Many sports have implemented many different attempts to create spending parity and transparency.
Parity Mechanisms by League
| Sport | Hard cap | Soft cap / ratio | Lux. tax | Player max | Floor | Draft / auction | Rev. share | Public spend |
|---|---|---|---|---|---|---|---|---|
| NFL (US football) | 🟢 | 🔴 | 🔴 | 🔴 | 🟡 | 🟢 | 🟢 | 🟢 |
| NBA (basketball) | 🟡 | 🟢 | 🟢 | 🟢 | 🟢 | 🟢 | 🟢 | 🟢 |
| NHL (hockey) | 🟢 | 🔴 | 🔴 | 🟡 | 🟢 | 🟢 | 🟢 | 🟢 |
| MLB (baseball) | 🔴 | 🔴 | 🟢 | 🔴 | 🔴 | 🟢 | 🟢 | 🟢 |
| IPL (cricket) | 🟢 | 🔴 | 🔴 | 🟡 | 🔴 | 🟢 | 🟢 | 🟢 |
| La Liga (soccer) | 🟢¹ | 🟢 | 🔴 | 🔴 | 🔴 | 🔴 | 🟢 | 🟢 |
| Premier League (soccer) | 🔴 | 🟡² | 🔴 | 🔴 | 🔴 | 🔴 | 🟢 | 🟡 |
| EuroLeague (basketball) | 🔴 | 🟢 | 🟢 | 🔴 | 🟢 | 🔴 | 🟢 | 🟡 |
| NRL (rugby league, Aus.) | 🟢 | 🔴 | 🔴 | 🔴 | 🟢 | 🟢 | 🟢 | 🟡³ |
| 🚴 Pro cycling (UCI WT) | 🔴 | 🔴 | 🔴 | 🔴 | 🟢⁴ | 🔴 | 🔴 | 🔴 |
Cycling is a clear outlier here, having done essentially nothing to help smaller teams.
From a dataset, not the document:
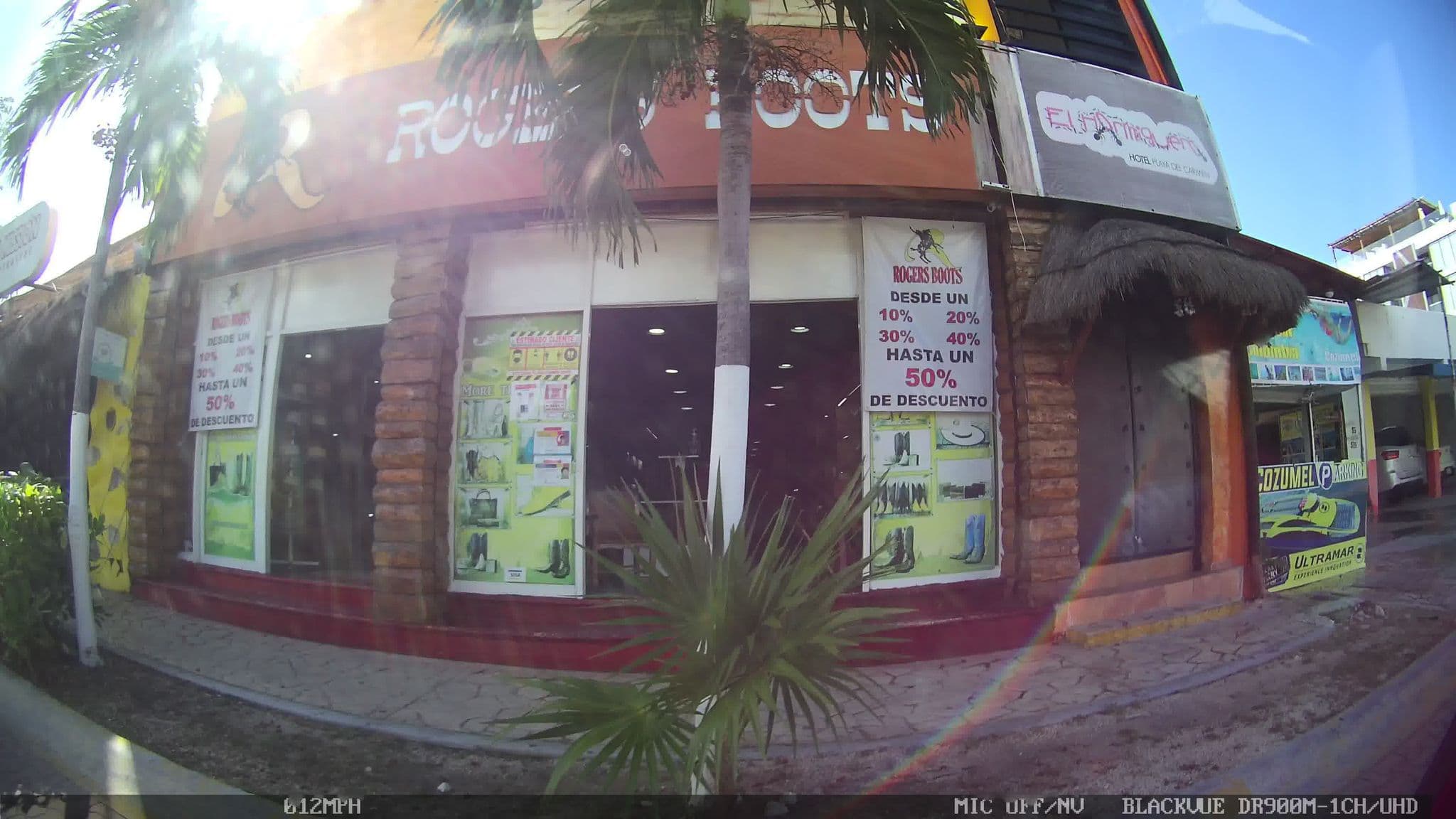 Street view near La Matatena Hotel, Playa del Carmen — © kaart_2 (CC BY-SA · Mapillary)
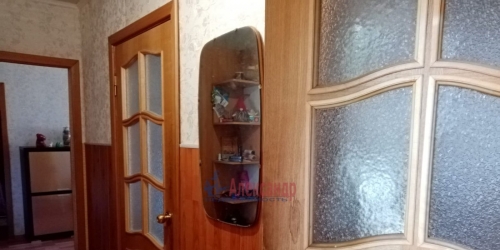 3-комн квартира Волхов г., Волгоградская ул. ,  д. 15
Salary caps and other solutions have been discussed — by commentators (Lanterne Rouge, Escape Collective) and recently in more official channels as well. But you can pin holes in any one of these solutions, and the urge to stay pat is strong, especially for the notoriously archaic UCI.
INSERT MY GREAT SOLUTION HERE
We need to think about this with a long-term view. Cycling needs to be exciting, to be dynamic and unpredictable. Races need to be won by athletic feat, by tactics and teamwork. Being won because an owner could field the most investment from sometimes-shady avenues is not exciting to watch or inspiring to follow.
Ultimately, I believe we are being deprived of the best possible experience: of seeing the greatest rider ever race fairly against the world. Right now, the best rider has the best team, and that is a tragedy.